4th Daimyō of Kubota Domain
- In office 1703–1715
- Monarchs: Shōgun Tokugawa Tsunayoshi; Tokugawa Ienobu; Tokugawa Ietsugu;
- Preceded by: Satake Yoshizumi
- Succeeded by: Satake Yoshimine

Personal details
- Born: January 25, 1695
- Died: August 17, 1715 (aged 20) Kubota Castle, Dewa Province
- Spouse: -none-
- Parent: Satake Yoshizumi (father);

= Satake Yoshitada =

Japanese daimyō (1695–1715)

Satake Yoshitada (佐竹義格) was the 4th daimyō of Kubota Domain in Dewa Province, Japan (modern-day Akita Prefecture), and then 22nd hereditary chieftain of the Satake clan. His courtesy title was Daizen-no-taifu and Jijū and his Court rank was Junior Fourth Rank, Lower Grade.

==Biography==
Satake Yoshitada was the third son of Satake Yoshizumi and was born to one of his concubines. As his eldest brother had died in childhood and his next eldest brother had been adopted by the Sōma clan and was now Sōma Nobutane, daimyō of Sōma Domain, he was named heir in 1700. In 1703, he was presented in formal audience to Shōgun Tokugawa Tsunayoshi and became daimyō on the death of his father four months later. During his tenure, he ordered the planting of trees to help increase the domain's revenues, and implemented measures for fiscal reform and for the relied of the poor. In 1711, he visited his domain for the first time. However, he died in 1715 at Kubota Castle before these efforts began to bear fruit, and the attempts at reform largely ended with his death.

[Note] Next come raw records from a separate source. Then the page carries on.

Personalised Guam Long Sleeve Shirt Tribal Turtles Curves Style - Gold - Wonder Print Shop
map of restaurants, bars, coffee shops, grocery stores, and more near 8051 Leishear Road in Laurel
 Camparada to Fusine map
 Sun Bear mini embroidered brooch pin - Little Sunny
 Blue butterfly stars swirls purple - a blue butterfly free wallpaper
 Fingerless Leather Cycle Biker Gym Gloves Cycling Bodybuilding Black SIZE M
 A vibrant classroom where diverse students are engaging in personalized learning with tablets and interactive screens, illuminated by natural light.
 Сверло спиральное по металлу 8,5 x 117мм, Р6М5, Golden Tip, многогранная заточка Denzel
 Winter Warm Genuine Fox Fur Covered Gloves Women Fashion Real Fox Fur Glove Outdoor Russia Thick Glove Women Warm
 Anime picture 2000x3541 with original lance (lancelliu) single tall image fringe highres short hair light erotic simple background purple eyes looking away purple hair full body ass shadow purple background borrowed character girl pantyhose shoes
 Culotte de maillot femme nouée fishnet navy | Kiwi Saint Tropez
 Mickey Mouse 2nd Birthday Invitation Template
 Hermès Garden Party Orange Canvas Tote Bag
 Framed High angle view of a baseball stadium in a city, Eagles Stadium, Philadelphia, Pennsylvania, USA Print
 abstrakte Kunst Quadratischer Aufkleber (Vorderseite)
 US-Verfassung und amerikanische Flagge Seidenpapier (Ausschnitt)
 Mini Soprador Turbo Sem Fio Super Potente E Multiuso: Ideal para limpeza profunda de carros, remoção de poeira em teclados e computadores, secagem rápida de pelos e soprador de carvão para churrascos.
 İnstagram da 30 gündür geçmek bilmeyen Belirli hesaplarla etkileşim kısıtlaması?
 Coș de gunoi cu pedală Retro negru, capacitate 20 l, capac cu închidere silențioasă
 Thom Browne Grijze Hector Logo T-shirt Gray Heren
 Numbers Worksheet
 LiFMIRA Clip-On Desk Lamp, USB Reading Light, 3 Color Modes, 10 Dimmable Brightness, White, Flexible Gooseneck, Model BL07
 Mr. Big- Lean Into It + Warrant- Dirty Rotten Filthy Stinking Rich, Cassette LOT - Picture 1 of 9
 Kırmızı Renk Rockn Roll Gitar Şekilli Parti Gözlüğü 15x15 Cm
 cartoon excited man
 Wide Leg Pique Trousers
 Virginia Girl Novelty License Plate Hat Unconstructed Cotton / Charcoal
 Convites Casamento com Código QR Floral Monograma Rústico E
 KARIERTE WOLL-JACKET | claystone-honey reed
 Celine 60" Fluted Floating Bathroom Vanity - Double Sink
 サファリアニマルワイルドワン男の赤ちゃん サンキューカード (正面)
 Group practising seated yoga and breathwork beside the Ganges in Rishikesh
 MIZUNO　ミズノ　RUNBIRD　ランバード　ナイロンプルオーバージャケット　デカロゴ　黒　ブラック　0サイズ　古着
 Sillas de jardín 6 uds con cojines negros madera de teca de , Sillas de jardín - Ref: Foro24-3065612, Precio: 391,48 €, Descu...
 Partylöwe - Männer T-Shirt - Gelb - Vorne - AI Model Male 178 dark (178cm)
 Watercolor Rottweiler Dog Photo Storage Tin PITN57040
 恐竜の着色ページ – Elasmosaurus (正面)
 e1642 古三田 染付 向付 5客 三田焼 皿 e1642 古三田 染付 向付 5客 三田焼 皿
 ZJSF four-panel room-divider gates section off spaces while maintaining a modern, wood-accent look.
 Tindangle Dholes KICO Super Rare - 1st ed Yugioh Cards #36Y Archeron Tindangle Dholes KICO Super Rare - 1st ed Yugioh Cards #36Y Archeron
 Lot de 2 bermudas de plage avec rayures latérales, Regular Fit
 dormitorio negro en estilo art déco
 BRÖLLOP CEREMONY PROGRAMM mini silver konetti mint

Yoshitada was engaged to a daughter of Asano Tsunanaga of Hiroshima Domain, but died before the marriage could take place, and thus had no official wife. He did have a son by a concubine who died in infancy. Kubota Domain was inherited by Satake Yoshimine, the second son of Satake Yoshinaga of Iwasaki Domain and grandson of Satake Yoshizumi.